Find the line in the entries below that contains "100以内的加法和减法计算题50道附答案（培优A卷）第1页". Repeat it exactly, and every line after it through the line that contains "岡山テーブルレンタル| 安いテーブルレンタル料金| 岡山テーブルレンタル|岡山安いテーブルレンタル|".

*** PROVIDED RECORDS

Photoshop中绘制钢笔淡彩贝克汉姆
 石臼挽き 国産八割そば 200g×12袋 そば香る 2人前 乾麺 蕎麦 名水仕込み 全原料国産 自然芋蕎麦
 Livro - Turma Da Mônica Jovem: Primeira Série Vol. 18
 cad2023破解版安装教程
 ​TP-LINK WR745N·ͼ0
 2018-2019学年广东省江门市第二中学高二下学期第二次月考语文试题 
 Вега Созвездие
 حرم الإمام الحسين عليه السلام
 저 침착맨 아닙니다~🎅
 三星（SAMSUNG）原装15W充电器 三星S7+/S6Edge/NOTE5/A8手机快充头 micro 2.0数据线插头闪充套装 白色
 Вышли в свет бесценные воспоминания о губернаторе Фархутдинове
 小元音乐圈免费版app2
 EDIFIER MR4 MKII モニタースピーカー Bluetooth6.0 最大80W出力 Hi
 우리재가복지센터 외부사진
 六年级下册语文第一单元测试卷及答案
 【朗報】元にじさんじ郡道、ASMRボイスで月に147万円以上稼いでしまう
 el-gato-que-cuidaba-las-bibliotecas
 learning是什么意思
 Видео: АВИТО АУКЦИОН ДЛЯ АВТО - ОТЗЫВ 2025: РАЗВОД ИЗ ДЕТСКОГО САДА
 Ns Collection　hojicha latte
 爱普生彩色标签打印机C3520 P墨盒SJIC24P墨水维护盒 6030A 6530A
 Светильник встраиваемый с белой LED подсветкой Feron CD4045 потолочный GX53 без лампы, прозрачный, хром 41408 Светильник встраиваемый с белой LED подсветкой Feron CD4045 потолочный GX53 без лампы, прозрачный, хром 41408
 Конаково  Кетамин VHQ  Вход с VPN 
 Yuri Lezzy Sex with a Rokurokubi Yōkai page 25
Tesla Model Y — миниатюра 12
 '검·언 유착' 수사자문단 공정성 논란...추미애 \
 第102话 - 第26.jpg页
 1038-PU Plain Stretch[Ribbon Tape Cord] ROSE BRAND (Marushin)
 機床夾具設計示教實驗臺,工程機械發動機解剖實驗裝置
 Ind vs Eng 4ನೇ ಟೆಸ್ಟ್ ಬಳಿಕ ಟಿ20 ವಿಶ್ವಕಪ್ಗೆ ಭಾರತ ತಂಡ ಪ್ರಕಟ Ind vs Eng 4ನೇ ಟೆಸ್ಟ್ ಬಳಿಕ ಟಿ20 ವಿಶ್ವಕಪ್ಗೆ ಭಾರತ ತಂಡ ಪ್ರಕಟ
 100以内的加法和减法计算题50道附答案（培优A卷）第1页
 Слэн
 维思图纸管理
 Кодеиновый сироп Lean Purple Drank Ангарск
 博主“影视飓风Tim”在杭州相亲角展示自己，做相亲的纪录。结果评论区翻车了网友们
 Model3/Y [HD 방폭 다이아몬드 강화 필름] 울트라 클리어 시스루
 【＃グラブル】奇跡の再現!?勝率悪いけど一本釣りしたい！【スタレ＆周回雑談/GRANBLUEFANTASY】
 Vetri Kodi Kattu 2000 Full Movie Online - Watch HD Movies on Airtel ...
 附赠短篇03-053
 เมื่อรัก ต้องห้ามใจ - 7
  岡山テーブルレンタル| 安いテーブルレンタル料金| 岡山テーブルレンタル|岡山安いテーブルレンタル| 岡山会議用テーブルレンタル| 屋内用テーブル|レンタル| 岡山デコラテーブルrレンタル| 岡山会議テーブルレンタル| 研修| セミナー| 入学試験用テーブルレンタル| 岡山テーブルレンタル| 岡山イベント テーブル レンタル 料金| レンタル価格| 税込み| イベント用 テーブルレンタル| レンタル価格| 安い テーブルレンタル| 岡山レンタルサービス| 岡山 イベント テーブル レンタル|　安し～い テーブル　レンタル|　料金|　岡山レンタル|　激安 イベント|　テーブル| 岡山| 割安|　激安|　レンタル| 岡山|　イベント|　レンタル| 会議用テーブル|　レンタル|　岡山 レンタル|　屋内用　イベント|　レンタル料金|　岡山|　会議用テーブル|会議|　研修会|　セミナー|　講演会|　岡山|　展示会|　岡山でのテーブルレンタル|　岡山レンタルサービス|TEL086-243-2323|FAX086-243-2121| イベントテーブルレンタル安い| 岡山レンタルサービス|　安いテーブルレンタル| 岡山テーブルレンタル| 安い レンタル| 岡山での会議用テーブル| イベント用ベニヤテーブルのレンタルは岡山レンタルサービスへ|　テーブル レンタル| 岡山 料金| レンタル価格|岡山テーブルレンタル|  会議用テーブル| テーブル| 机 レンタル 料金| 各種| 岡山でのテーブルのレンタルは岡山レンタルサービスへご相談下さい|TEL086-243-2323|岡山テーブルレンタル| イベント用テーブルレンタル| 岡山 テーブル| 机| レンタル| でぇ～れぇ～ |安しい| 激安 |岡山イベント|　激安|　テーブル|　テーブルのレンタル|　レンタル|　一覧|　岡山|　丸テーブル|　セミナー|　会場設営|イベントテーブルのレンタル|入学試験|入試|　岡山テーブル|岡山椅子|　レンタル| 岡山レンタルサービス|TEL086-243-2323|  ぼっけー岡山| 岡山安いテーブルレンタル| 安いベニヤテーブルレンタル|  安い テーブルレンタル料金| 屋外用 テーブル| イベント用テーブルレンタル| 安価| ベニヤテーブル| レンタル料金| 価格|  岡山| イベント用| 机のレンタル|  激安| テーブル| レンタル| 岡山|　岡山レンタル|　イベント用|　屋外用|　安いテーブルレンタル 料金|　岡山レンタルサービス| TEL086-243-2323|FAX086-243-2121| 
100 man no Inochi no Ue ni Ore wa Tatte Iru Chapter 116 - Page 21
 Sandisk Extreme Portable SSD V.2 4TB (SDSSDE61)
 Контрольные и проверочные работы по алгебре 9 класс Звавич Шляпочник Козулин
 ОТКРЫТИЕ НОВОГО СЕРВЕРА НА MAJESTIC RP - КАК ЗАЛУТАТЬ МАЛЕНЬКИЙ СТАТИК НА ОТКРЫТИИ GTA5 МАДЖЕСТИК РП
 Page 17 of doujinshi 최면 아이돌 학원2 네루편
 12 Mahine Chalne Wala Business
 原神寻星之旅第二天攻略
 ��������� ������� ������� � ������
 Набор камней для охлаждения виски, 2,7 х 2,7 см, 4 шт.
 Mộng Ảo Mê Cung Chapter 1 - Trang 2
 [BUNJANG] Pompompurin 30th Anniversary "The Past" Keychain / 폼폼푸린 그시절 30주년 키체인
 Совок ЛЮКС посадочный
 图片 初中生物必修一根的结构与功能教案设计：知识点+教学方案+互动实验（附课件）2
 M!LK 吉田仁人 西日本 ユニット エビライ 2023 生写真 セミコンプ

******

EXERCISE OUTPUT:
 100以内的加法和减法计算题50道附答案（培优A卷）第1页
 Слэн
 维思图纸管理
 Кодеиновый сироп Lean Purple Drank Ангарск
 博主“影视飓风Tim”在杭州相亲角展示自己，做相亲的纪录。结果评论区翻车了网友们
 Model3/Y [HD 방폭 다이아몬드 강화 필름] 울트라 클리어 시스루
 【＃グラブル】奇跡の再現!?勝率悪いけど一本釣りしたい！【スタレ＆周回雑談/GRANBLUEFANTASY】
 Vetri Kodi Kattu 2000 Full Movie Online - Watch HD Movies on Airtel ...
 附赠短篇03-053
 เมื่อรัก ต้องห้ามใจ - 7
  岡山テーブルレンタル| 安いテーブルレンタル料金| 岡山テーブルレンタル|岡山安いテーブルレンタル| 岡山会議用テーブルレンタル| 屋内用テーブル|レンタル| 岡山デコラテーブルrレンタル| 岡山会議テーブルレンタル| 研修| セミナー| 入学試験用テーブルレンタル| 岡山テーブルレンタル| 岡山イベント テーブル レンタル 料金| レンタル価格| 税込み| イベント用 テーブルレンタル| レンタル価格| 安い テーブルレンタル| 岡山レンタルサービス| 岡山 イベント テーブル レンタル|　安し～い テーブル　レンタル|　料金|　岡山レンタル|　激安 イベント|　テーブル| 岡山| 割安|　激安|　レンタル| 岡山|　イベント|　レンタル| 会議用テーブル|　レンタル|　岡山 レンタル|　屋内用　イベント|　レンタル料金|　岡山|　会議用テーブル|会議|　研修会|　セミナー|　講演会|　岡山|　展示会|　岡山でのテーブルレンタル|　岡山レンタルサービス|TEL086-243-2323|FAX086-243-2121| イベントテーブルレンタル安い| 岡山レンタルサービス|　安いテーブルレンタル| 岡山テーブルレンタル| 安い レンタル| 岡山での会議用テーブル| イベント用ベニヤテーブルのレンタルは岡山レンタルサービスへ|　テーブル レンタル| 岡山 料金| レンタル価格|岡山テーブルレンタル|  会議用テーブル| テーブル| 机 レンタル 料金| 各種| 岡山でのテーブルのレンタルは岡山レンタルサービスへご相談下さい|TEL086-243-2323|岡山テーブルレンタル| イベント用テーブルレンタル| 岡山 テーブル| 机| レンタル| でぇ～れぇ～ |安しい| 激安 |岡山イベント|　激安|　テーブル|　テーブルのレンタル|　レンタル|　一覧|　岡山|　丸テーブル|　セミナー|　会場設営|イベントテーブルのレンタル|入学試験|入試|　岡山テーブル|岡山椅子|　レンタル| 岡山レンタルサービス|TEL086-243-2323|  ぼっけー岡山| 岡山安いテーブルレンタル| 安いベニヤテーブルレンタル|  安い テーブルレンタル料金| 屋外用 テーブル| イベント用テーブルレンタル| 安価| ベニヤテーブル| レンタル料金| 価格|  岡山| イベント用| 机のレンタル|  激安| テーブル| レンタル| 岡山|　岡山レンタル|　イベント用|　屋外用|　安いテーブルレンタル 料金|　岡山レンタルサービス| TEL086-243-2323|FAX086-243-2121| 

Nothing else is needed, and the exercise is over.